9. Il est nécessaire de souligner que la discrimination qui s’exerce dans le monde du travail ne disparaîtra pas d’elle-même; il ne faut pas non plus compter sur le marché, laissé à lui-même, pour y mettre un terme. Son élimination exige que toutes les parties intéressées s’engagent dans une politique avisée, ciblée et cohérente pendant une période de temps suffisante.
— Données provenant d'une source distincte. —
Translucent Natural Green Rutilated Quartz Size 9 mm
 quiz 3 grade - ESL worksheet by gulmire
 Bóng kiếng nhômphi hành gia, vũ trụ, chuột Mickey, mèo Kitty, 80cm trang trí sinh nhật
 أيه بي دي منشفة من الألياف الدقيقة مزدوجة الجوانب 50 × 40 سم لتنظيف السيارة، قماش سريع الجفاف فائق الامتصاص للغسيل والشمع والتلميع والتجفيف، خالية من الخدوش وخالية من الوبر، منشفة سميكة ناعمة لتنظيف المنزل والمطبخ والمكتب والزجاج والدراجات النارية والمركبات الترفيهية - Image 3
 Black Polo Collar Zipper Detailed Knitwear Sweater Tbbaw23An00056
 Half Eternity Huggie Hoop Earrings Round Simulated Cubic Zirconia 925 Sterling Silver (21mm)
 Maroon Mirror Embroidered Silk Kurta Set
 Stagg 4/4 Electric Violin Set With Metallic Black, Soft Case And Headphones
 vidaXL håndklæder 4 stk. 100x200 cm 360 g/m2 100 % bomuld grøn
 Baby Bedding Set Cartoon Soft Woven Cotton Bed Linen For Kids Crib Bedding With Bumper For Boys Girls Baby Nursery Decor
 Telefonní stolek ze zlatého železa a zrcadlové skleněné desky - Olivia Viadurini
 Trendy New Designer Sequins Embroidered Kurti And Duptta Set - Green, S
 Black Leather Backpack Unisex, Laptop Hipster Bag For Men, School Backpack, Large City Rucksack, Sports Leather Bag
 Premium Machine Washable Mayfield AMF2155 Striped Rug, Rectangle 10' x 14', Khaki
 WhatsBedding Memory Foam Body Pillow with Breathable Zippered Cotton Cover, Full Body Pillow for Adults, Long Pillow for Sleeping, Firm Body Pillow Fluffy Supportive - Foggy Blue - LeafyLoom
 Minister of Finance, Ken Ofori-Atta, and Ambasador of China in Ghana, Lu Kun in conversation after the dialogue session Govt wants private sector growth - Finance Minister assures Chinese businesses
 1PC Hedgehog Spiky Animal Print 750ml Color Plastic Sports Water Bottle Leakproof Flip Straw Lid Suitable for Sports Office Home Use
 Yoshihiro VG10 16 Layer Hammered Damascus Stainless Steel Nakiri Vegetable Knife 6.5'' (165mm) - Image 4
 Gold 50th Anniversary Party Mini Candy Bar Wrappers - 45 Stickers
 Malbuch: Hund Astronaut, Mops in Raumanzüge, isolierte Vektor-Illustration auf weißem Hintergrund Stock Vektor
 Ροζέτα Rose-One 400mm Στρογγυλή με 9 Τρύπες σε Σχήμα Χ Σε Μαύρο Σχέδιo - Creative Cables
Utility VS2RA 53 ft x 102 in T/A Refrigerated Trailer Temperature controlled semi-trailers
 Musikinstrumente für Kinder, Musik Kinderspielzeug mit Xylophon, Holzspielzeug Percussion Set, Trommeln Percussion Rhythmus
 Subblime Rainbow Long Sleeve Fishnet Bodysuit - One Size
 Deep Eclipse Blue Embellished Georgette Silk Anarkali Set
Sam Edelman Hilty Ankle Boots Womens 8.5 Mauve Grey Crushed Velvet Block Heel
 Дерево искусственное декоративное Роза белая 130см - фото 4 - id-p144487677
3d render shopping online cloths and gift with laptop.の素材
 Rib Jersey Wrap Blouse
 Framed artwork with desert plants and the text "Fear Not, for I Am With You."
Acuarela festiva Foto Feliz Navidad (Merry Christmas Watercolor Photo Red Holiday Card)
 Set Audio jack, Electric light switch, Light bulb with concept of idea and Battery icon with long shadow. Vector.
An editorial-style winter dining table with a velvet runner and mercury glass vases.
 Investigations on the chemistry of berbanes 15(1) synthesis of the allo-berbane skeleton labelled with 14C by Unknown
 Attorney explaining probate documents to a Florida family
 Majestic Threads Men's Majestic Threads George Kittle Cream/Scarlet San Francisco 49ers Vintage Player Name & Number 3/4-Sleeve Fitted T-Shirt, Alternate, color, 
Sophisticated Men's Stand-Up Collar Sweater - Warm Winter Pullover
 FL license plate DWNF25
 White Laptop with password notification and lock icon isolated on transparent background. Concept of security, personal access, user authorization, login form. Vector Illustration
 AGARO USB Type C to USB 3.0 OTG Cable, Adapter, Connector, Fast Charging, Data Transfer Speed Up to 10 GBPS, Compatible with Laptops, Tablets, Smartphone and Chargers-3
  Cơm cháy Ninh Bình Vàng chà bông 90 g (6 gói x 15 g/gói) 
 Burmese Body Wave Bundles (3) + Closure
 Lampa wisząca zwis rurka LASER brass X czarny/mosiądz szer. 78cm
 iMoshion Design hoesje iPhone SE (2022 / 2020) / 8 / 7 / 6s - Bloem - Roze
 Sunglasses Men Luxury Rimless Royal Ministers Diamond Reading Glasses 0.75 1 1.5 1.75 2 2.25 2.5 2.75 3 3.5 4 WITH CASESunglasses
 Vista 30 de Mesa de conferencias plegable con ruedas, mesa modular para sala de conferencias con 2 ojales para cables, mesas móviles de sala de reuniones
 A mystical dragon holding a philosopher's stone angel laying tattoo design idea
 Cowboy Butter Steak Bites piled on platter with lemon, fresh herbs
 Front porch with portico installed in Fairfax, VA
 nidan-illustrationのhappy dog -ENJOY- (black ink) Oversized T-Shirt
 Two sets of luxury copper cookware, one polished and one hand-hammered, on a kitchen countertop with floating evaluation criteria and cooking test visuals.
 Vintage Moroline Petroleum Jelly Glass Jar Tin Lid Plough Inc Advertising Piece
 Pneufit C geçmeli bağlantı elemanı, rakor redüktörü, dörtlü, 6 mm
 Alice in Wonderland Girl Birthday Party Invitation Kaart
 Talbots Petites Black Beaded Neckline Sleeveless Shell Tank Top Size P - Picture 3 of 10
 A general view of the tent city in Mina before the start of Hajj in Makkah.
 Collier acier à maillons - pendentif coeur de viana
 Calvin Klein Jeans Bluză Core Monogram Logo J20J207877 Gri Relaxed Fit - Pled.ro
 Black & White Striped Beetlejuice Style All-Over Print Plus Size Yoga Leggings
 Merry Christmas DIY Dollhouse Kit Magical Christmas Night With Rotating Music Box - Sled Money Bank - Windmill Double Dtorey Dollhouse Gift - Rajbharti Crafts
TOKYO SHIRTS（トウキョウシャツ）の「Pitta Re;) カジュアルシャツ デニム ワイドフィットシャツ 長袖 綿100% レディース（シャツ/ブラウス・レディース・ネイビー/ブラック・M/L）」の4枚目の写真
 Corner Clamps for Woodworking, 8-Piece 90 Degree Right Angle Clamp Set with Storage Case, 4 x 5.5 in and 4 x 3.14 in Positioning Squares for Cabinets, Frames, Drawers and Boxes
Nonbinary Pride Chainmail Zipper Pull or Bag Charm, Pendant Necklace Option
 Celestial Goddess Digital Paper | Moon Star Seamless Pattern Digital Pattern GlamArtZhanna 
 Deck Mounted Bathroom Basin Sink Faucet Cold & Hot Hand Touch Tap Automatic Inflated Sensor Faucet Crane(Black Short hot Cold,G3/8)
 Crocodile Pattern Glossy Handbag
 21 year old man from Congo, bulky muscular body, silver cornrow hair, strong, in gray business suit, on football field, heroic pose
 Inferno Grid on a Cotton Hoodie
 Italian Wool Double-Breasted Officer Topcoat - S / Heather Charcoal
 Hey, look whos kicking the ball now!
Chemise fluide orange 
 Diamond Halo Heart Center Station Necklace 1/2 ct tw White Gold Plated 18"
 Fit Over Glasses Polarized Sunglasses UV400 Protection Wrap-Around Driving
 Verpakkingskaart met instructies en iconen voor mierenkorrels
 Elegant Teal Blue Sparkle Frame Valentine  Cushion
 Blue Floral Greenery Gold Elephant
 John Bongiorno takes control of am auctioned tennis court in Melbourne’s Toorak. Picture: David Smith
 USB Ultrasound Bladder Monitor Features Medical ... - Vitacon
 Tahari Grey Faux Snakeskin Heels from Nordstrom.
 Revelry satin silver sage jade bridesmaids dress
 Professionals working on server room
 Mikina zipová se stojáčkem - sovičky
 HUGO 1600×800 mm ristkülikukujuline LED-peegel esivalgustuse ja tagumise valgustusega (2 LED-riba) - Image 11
10. L’Assemblée parlementaire recommande donc au Comité des Ministres :
de charger le comité intergouvernemental compétent de mettre en place un projet pour combattre la discrimination à l’encontre des femmes parmi les demandeurs d’emploi et sur le lieu de travail en invitant les gouvernements :
a. à réviser et à élaborer des lois et traités qui non seulement interdisent la discrimination en droit, mais qui prévoient aussi explicitement l’obligation de prévenir les discriminations et de promouvoir l’égalité ;
b. à garantir une meilleure application et exécution des lois et règlements en vigueur au niveau national, visant à lutter contre la discrimination à l’égard des femmes parmi les demandeurs d’emploi et sur le lieu de travail ;
c. à mettre en place des mécanismes de contrôle efficaces aux niveaux international et national, à garantir leur bon fonctionnement et à obtenir l’adhésion de tous les acteurs du marché, notamment les associations d’employeurs et les syndicats ;
d. à fixer des objectifs concrets au niveau national tant pour les taux d’activité et de chômage des femmes que pour la réduction de l’écart des rémunérations entre les femmes et les hommes, et à prendre les mesures nécessaires à leur réalisation ;
e. à créer et à encourager la mise en œuvre, au niveau national, de programmes d’accès à l’égalité pour lutter contre les préjugés à l’égard des femmes aux postes à responsabilité, afin que, à mérite égal, les candidates féminines soient embauchées ou promues ;
f. à initier et à soutenir des campagnes, à tous les niveaux, contre les stéréotypes défavorables aux femmes existant dans la société (répartition traditionnelle des rôles au sein de la société, de la famille et sur le lieu de travail), et à promouvoir une meilleure répartition entre les femmes et les hommes pour les tâches ménagères et la garde des personnes vivant au foyer ;
g. à faciliter la conciliation de la vie professionnelle et de la vie privée pour les femmes et les hommes, et à investir dans des structures de garde pour les enfants et les personnes âgées avec des horaires d’ouverture adaptés ;
h. à soutenir des projets visant à aider les femmes qui ont subi des discriminations à saisir les autorités compétentes et à veiller à ce que la charge de la preuve dans les cas de discrimination fondée sur le sexe soit reportée sur les employeurs ;
de mener une campagne de sensibilisation en vue d’éradiquer les stéréotypes et les idées préconçues défavorables aux femmes en ce qui concerne tant le coût économique de l’embauche et du travail des femmes que leur rôle et leurs compétences, leur engagement personnel et leur façon de diriger sur leur lieu de travail.